曲文歆是第一次见到这间房屋,他站在客厅,眼神掠过这十平米的地方,他在沙发上坐下,垂着眼皮的模样是少有的颓然与失落。


    曲遥就站在卧室门口,他长得高大,身姿却是形销骨立,掰着门框的手指泛起森然的白。


    防盗门被人从外面踹开,撞到墙上的声音令两人都回过神来。


    曾敬淮面色冷若冰霜,步子跨得很大,阴厉的目光在客厅扫视了一遍,朝卧室走去,在听到哭声时,他身影陡然一顿。


    他迎着哭声,掀开布,他的新娘蜷缩成了小小的一团,哭得满脸是泪。


    车后座,人已经哭累了,眼皮红肿,湿哒哒的垂下,胸口起伏平稳。他抱着人,从一开始的暴怒到现在,只剩下了心疼。


    下午吹起了风,树荫摇曳,车子平稳地拐过龙湖湾前的湖庭,在家门口停下。


    宾客已经走了,只剩下一些佣人在打扫花园,方信停好车后,迅速将后车门打开。


    曾敬淮抱着熟睡的人,拢着后脑勺小心翼翼地下了车。


    曾至严已经换下了上午的西装,他穿的一件短袖坐在沙发里喝茶,见儿子不是独自回来时还笑了下,“回来了。”


    曾敬淮将吕幸鱼身上的婚纱脱下,换上柔软的睡衣,却发现他的脚底红肿,还分布着细碎的伤口,他抿起唇,用温热的毛巾擦拭干净后,才拿碘伏消毒处理。


    吕幸鱼毛绒绒的头陷进了枕头里,脸蛋潮红,睫毛也是湿漉漉的。


    下唇肉有着齿印,曾敬淮拂过他的额发,俯下身,吻在他的唇瓣上。


    等到夜晚,两人还没有下来,曾至严都准备离开了,曾敬淮急匆匆地从楼上跑了下来,他说:“给医生打电话,小鱼发烧了。”


    曾至严立刻拿出了手机给医生拨去了电话。


    打完后,他才问道:“你手机呢?”


    曾敬淮有些烦躁,他用力抹了把额头,“不知道。

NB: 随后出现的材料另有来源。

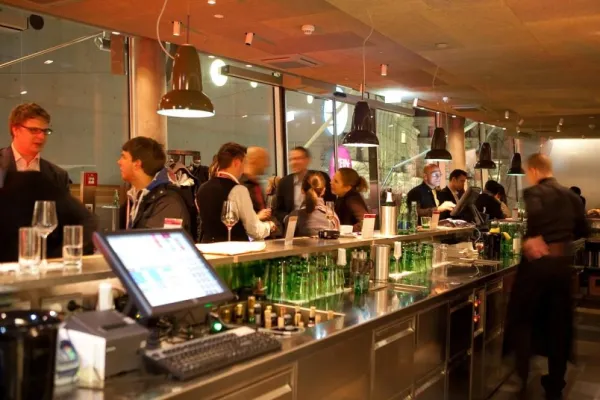 Bild: WEIN&CO sichert Verkaufsraum im Flagshipstore mit KiwiVision® Videoanalysen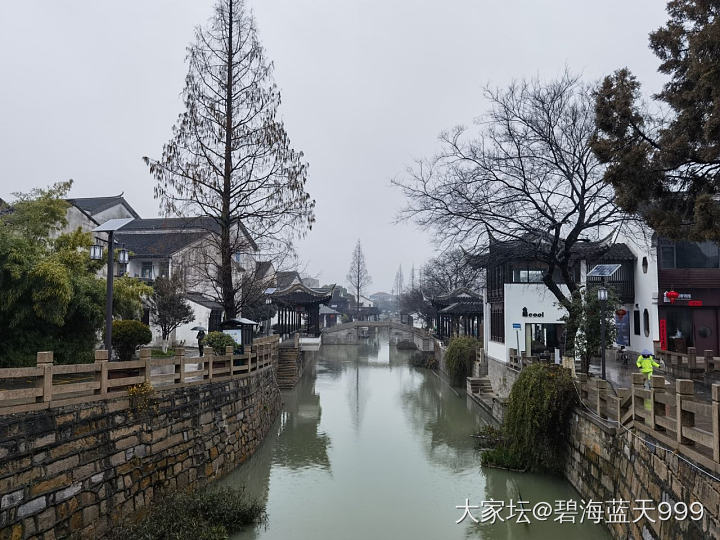 雨中逛古镇_景色旅游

”


    医生来得很快,先是打了退烧针,后又挂上了吊瓶。


    打针时,吕幸鱼伏在曾敬淮怀里,眼都没睁,泪水却不停的往下滚,他嗓音嘶哑,委屈巴巴地揪着曾敬淮的头发说:“疼、好疼....我不要打针...我好疼啊...”


    他揪得没轻没重的,曾敬淮眉毛都没动一下,只是低声哄着他,“乖啊,不疼,你发烧了宝宝...不疼,我让医生轻一点...”


    他把人摁住,医生眼疾手快地扎了进去。


    吕幸鱼趴在他肩上哭得可怜,泪水渗透他的衣服,小声的低泣。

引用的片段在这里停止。